--- REQUIREMENT ---
Make an exact copy of all the data, pictures excluded.
────────────────
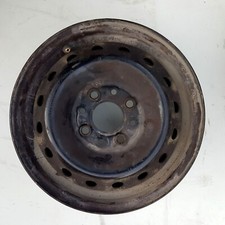 CERCHIONI IN FERRO USATI FIAT  4 FORI 4 1/2 JX13 ET 35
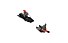 ATK Bindings Crest 10 (Ski Brake 102 mm) - attacco freeride, Black/Red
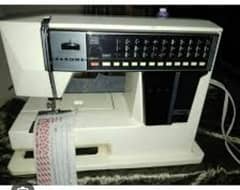 Digital Zigzag Electronic Computerized Sewing Machine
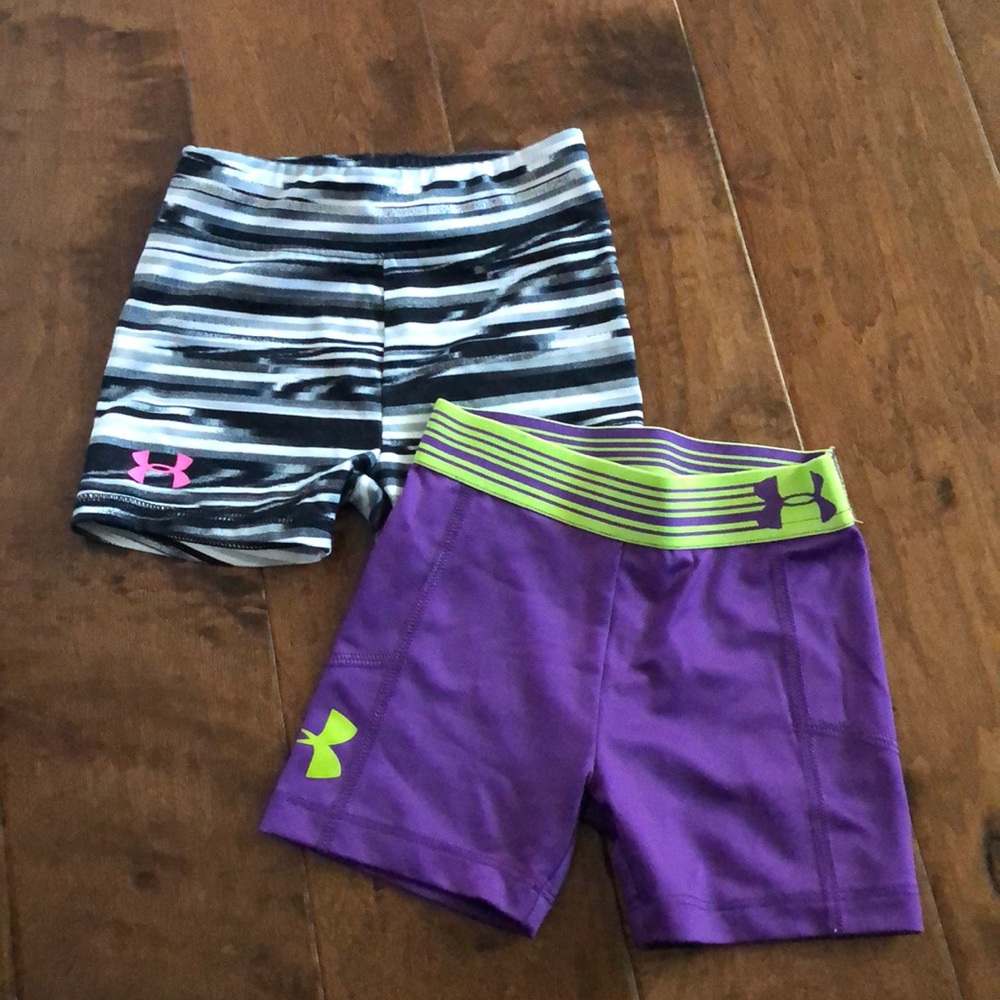 Toddler girl shorts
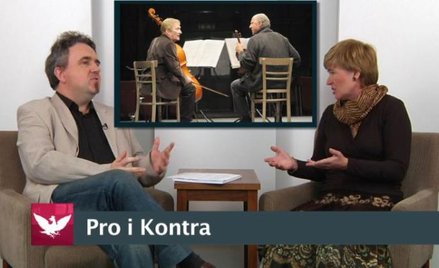 "Skarpetki, opus 124" - gwiazdy grają gwiazdy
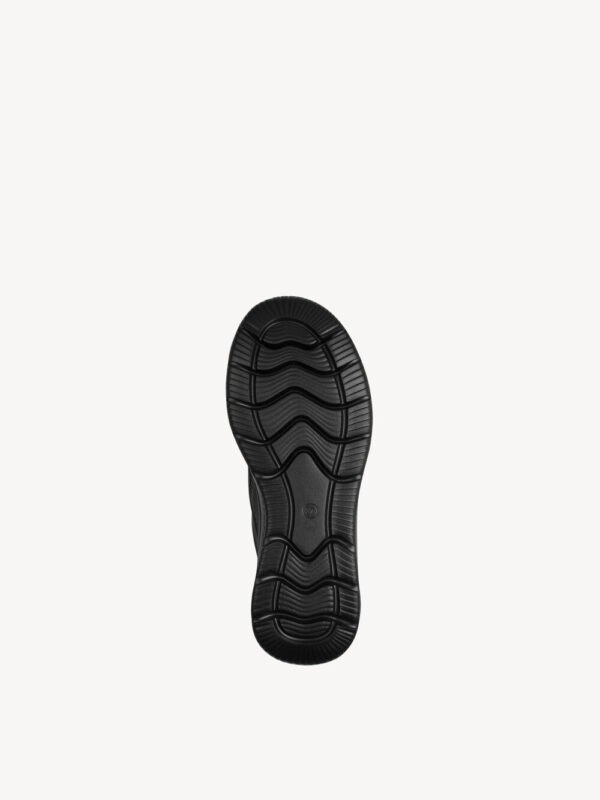 SNEAKERS IN TESSUTO CON LACCI ELASTICI TAMARIS COMFORT - immagine 6
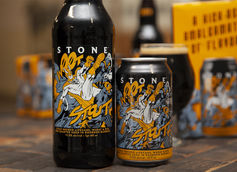 Stone Brewing Co. Stone Farking Wheaton w00tstout Debuts in Cans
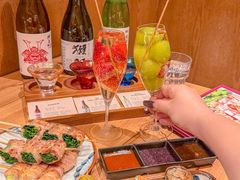 -大米·京都小酒馆·炭烧海鲜·烧鸟(龙口东路店)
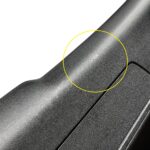 Forro Tampa Traseira Porta Malas Audi Rs4 2.9 V6 2019 a 2021 - Imagem 3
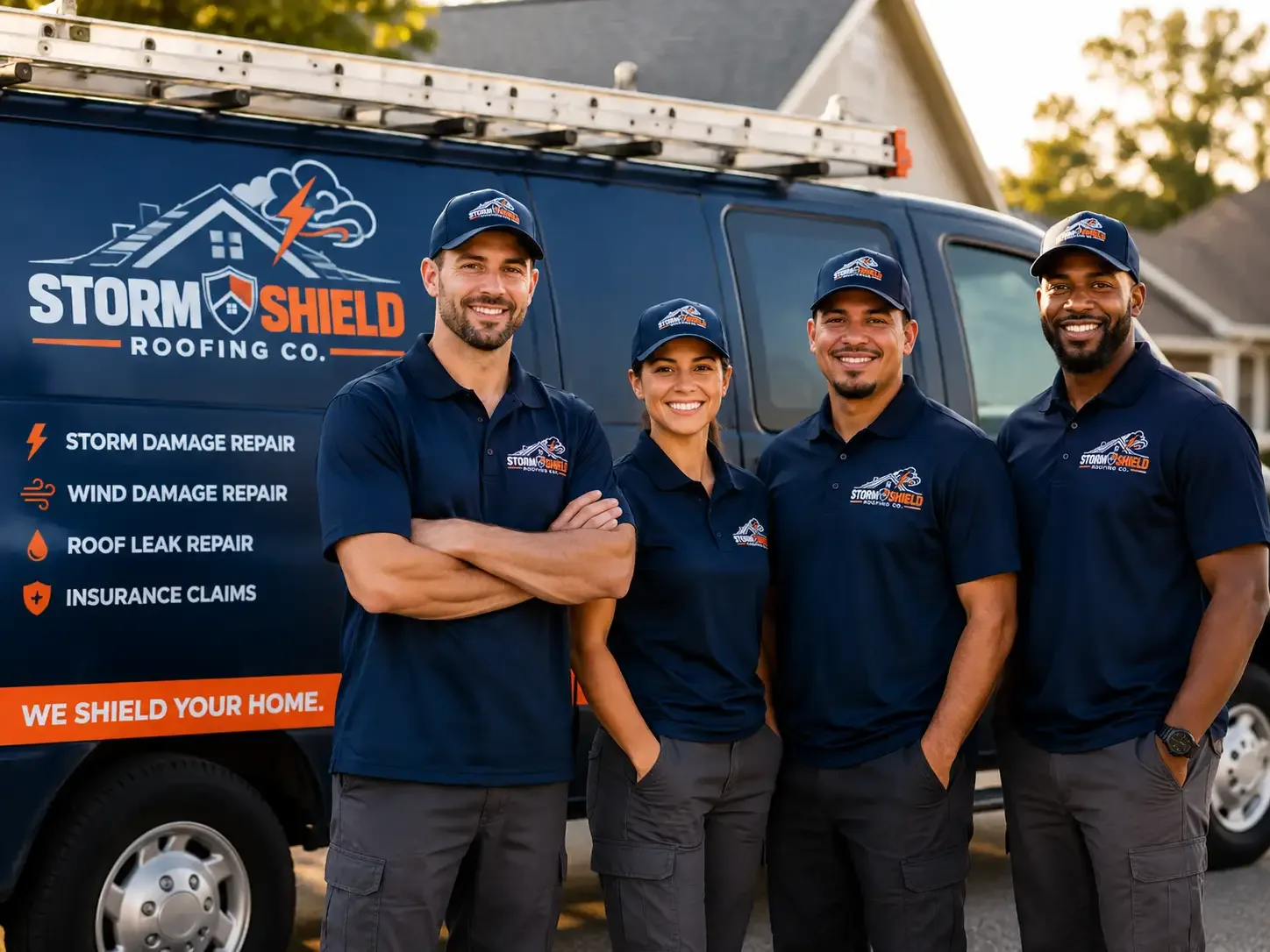 Storm Damage Roof Repair company in Beverly Hills, CA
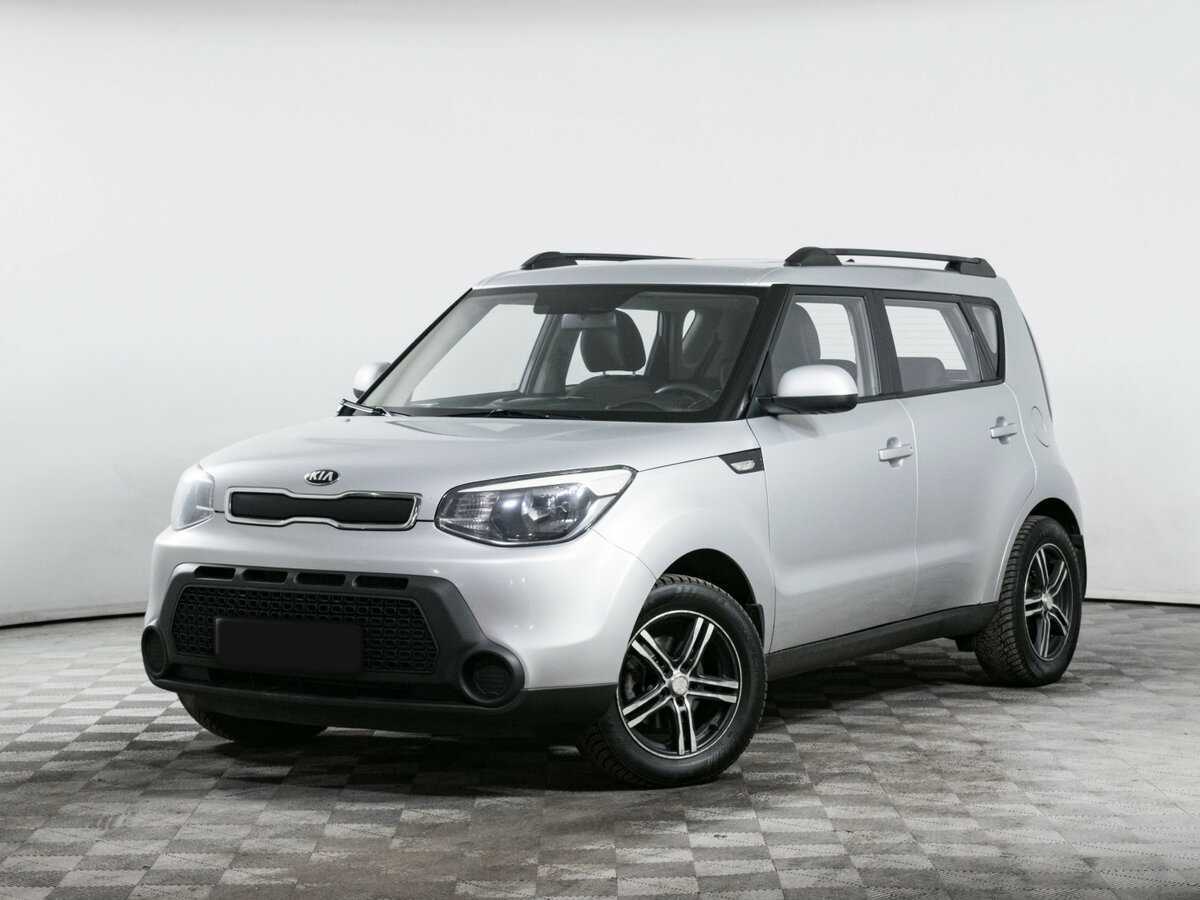 Kia Soul б/у, 2016, Автоматическая. Фото: #0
────────────────
--- EXERCISE RESULT ---
 CERCHIONI IN FERRO USATI FIAT  4 FORI 4 1/2 JX13 ET 35
 ATK Bindings Crest 10 (Ski Brake 102 mm) - attacco freeride, Black/Red
 Digital Zigzag Electronic Computerized Sewing Machine
 Toddler girl shorts
 "Skarpetki, opus 124" - gwiazdy grają gwiazdy
 SNEAKERS IN TESSUTO CON LACCI ELASTICI TAMARIS COMFORT - immagine 6
 Stone Brewing Co. Stone Farking Wheaton w00tstout Debuts in Cans
 -大米·京都小酒馆·炭烧海鲜·烧鸟(龙口东路店)
 Forro Tampa Traseira Porta Malas Audi Rs4 2.9 V6 2019 a 2021 - Imagem 3
 Storm Damage Roof Repair company in Beverly Hills, CA
 Kia Soul б/у, 2016, Автоматическая. Фото: #0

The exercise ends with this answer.